**Required action:** Return the listing exactly. Keep no pictures.

**Data extract:**
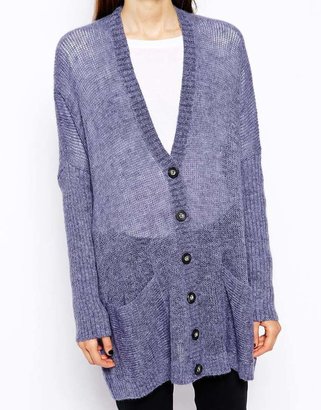 ASOS Oversized Cardigan In Mohair Mix With Pockets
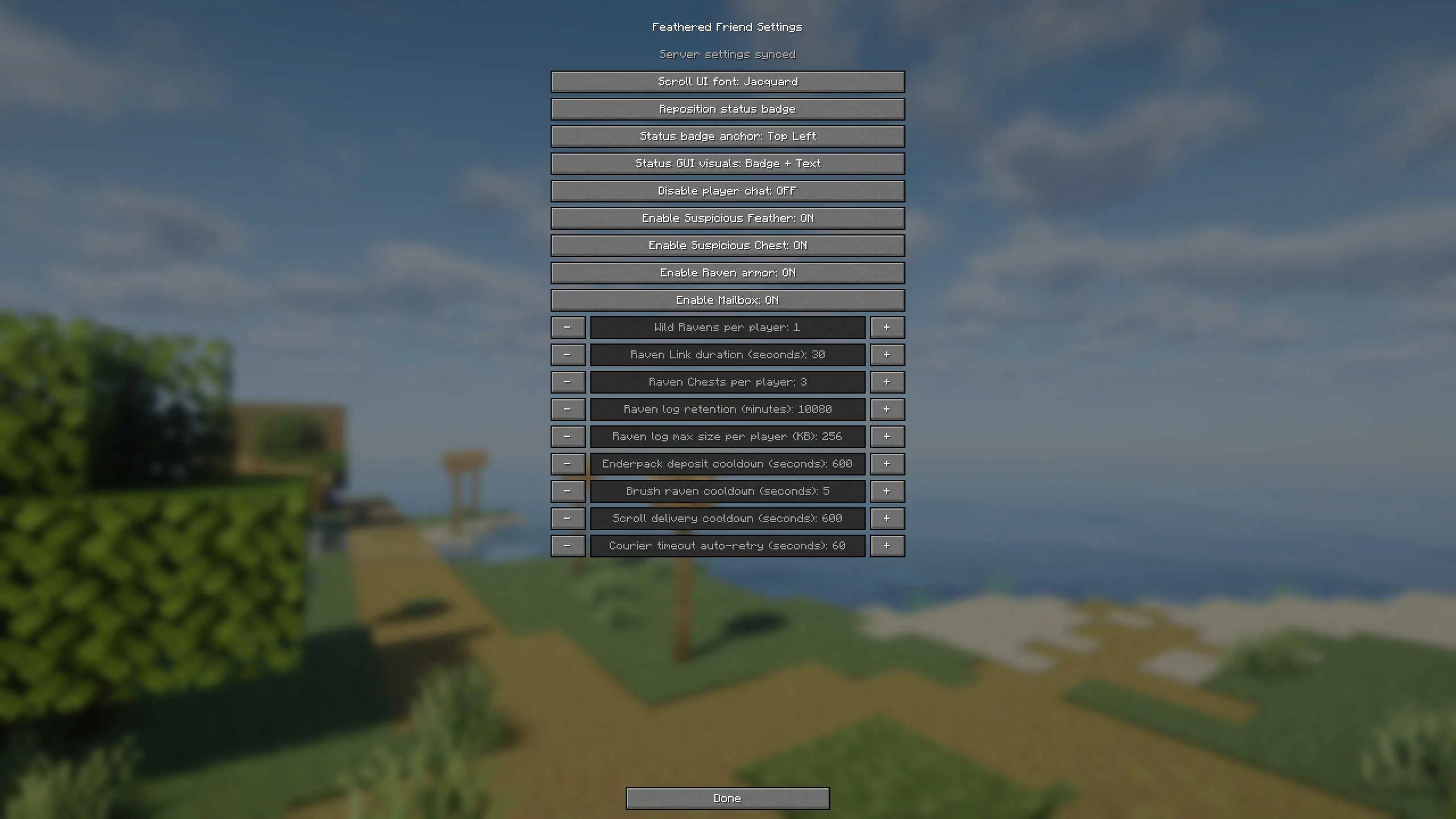 Feathered Friend config and settings screen
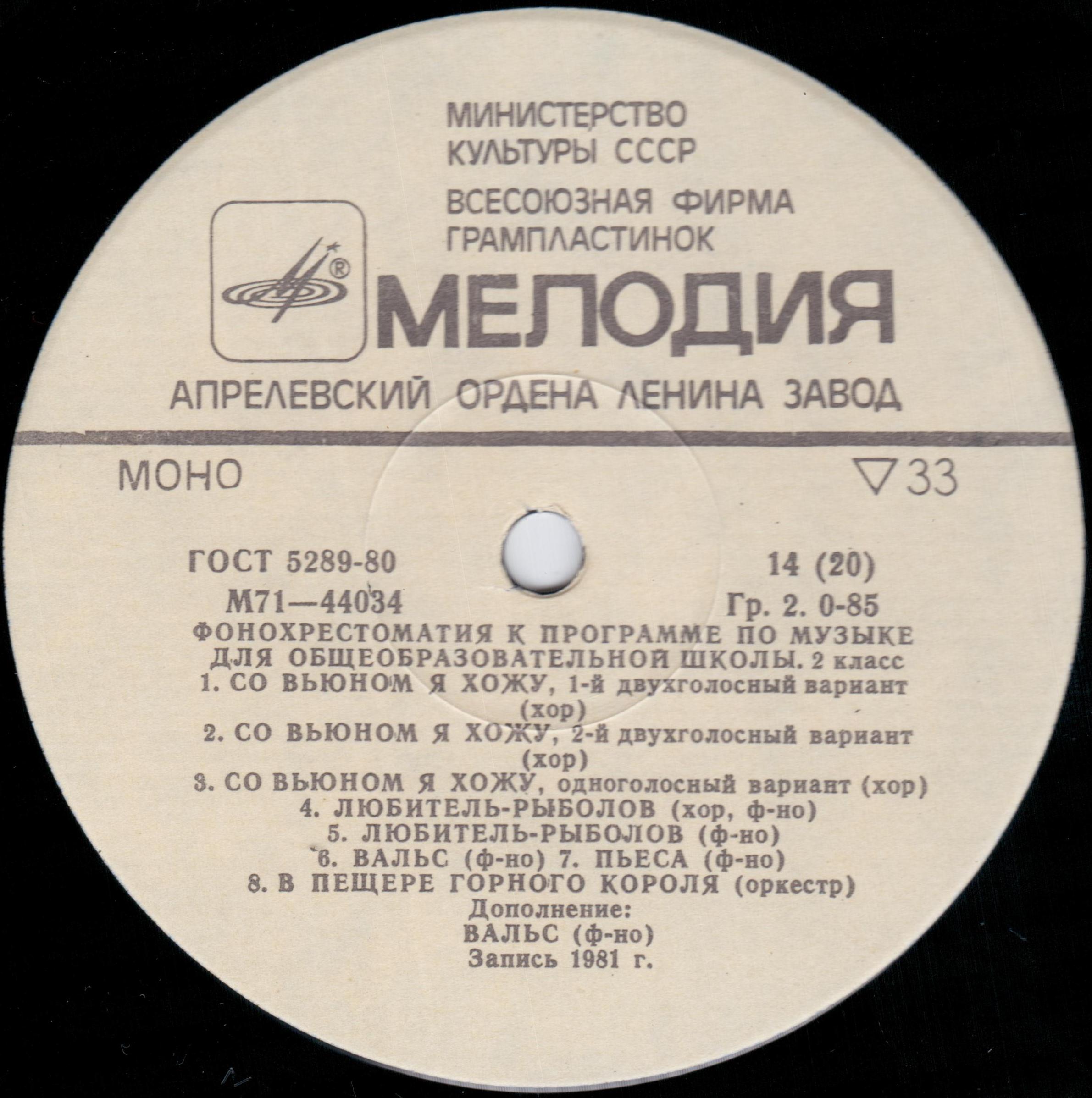 ФОНОХРЕСТОМАТИЯ К ПРОГРАММЕ ПО МУЗЫКЕ ДЛЯ ОБЩЕОБРАЗОВАТЕЛЬНОЙ ШКОЛЫ. 2 класс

**Written reply:**
 ASOS Oversized Cardigan In Mohair Mix With Pockets
 Feathered Friend config and settings screen
 ФОНОХРЕСТОМАТИЯ К ПРОГРАММЕ ПО МУЗЫКЕ ДЛЯ ОБЩЕОБРАЗОВАТЕЛЬНОЙ ШКОЛЫ. 2 класс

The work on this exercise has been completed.